Why should Sentinel be isolated from Redis high availability, rather than implemented in Redis itself? What monitoring roles do distributed architectures have for high reliability?

01 Distributed Architecture Centralized mode

From the perspective of the distributed cluster mode, the monitoring mode of distributed centralized storage is recommended to separate service data processing and form an independent manager or status monitor, for example, namenode, ZooKeeper, and JournalNode of distributed file system HDFS. Arbitration in MongoDB replica set mode; RocketMQ nameserver; And the sentinels of Redis.

Hadoop HA moat includes ZooKeeper, JournalNode, and ZKFC, which is armed to the teeth to ensure HDFS Namenode dual-node reliability.

This is associated with the demand of distributed centralized, high reliability of the Lord in the cluster is very important, because once the master node to hang out, you need to have a copy on the top of the node can now come, or cluster will thoroughly collapse, so this time who can monitor whether the master node to hang up, at the same time let from the top of the node is very key role, If the monitor role also has data business processing tasks, it complicates the monitor operation and increases the probability of service failures.

If something happens to the monitor, the cluster is left unprotected. Redis’ sentinels play this role. Therefore, the role requirements of the Redis Sentinel service itself should be single-purpose and minimize the risk of failure.

As shown in the figure below: Redis1-4 nodes are monitored by a Sentinel. When Redis1 as the main node fails and goes offline, the slave node replication of Redis2-4 will be stopped. Sentinel schedules Redis4 to be upgraded to the master node to continue serving clients and to continue data replication for Redis2-3

02 Partitions (sharding) as a master-slave distributed architecture

In distributed centralized cluster, there is also a special mode, that is Kafka, a partition (shard) centered master-slave mode of Elasticsearch. In fact, the Leader node does not have special requirements for centralized coordination, and usually the elected master node is the coordination and management cluster.

For example, Kafka’s Leader plays the role of Leader in command operations such as Topic creation and partition redistribution, while the Leader node is a peer brocker in the cluster at other times, receiving client Topic partition writes and reads.

In this way, the risk of service data operation and load generated when the primary node must uniformly accept data writing is reduced. For example, in the primary/secondary mode of Redis, MongoDB, and MySQL, the primary node must bear all the write load and the data replication load of the duplicate node. The Kafka/Elasticsearch cluster has a master/slave mode based on the data partitioning (shards) of each node, so the risk of reading/writing loads is shared among the nodes in the cluster.

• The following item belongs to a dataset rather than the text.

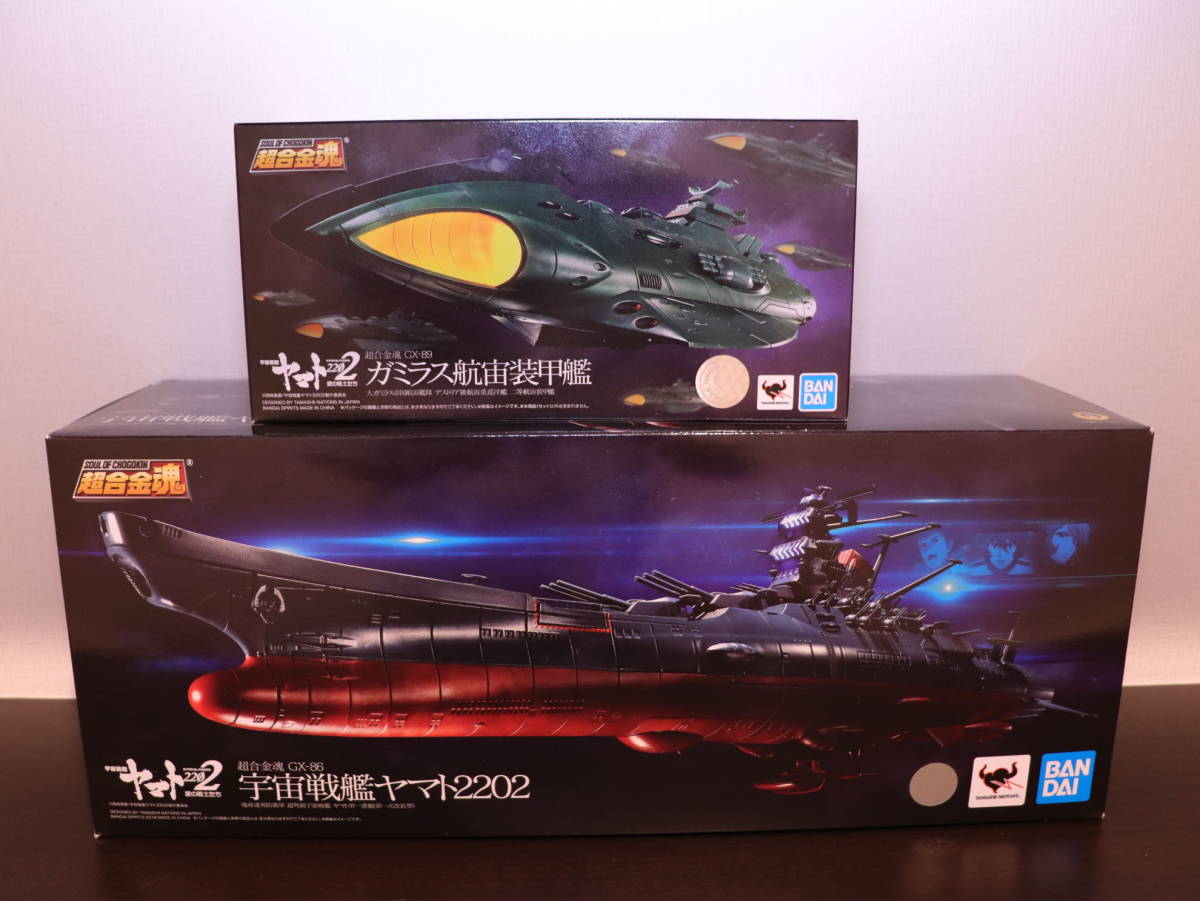 超合金魂 宇宙戦艦ヤマト2202 GX-89 TAMASHII ガミラス艦 NATIONS 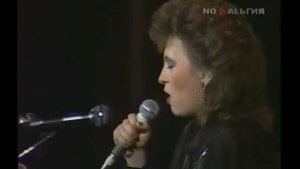 Валентина Легкоступова - Ты меня не оставляй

For example, when Elasticsearch is written, the node loads data written to the master shard and copies data to the slave shard of other nodes. In the process of query, the parallel query of multiple nodes in the cluster is realized. The Leader node coordinates the shard copy of which nodes to participate in the shard query, and finally aggregates the query results of different nodes to one node and provides them to the client.

Adopting the design idea of primary/secondary partition (sharding) to disperse the risk of single master is a distributed mode between centralization and decentralization, but in essence it is still centralized management, so there is no need for an independent role like Redis sentinel to strengthen the protection of the master node. As shown below:

The last type is a truly decentralized distributed cluster, where nodes typically include state maintenance and data operations. Such as: Redis Cluster is a typical decentralized Cluster mode, and each node needs to consider Cluster consistency. For example, distributed file system like Glusterfs is also a typical decentralized storage, which does not require separate state monitoring. Each node is itself. The management of a cluster is usually decided by a majority vote.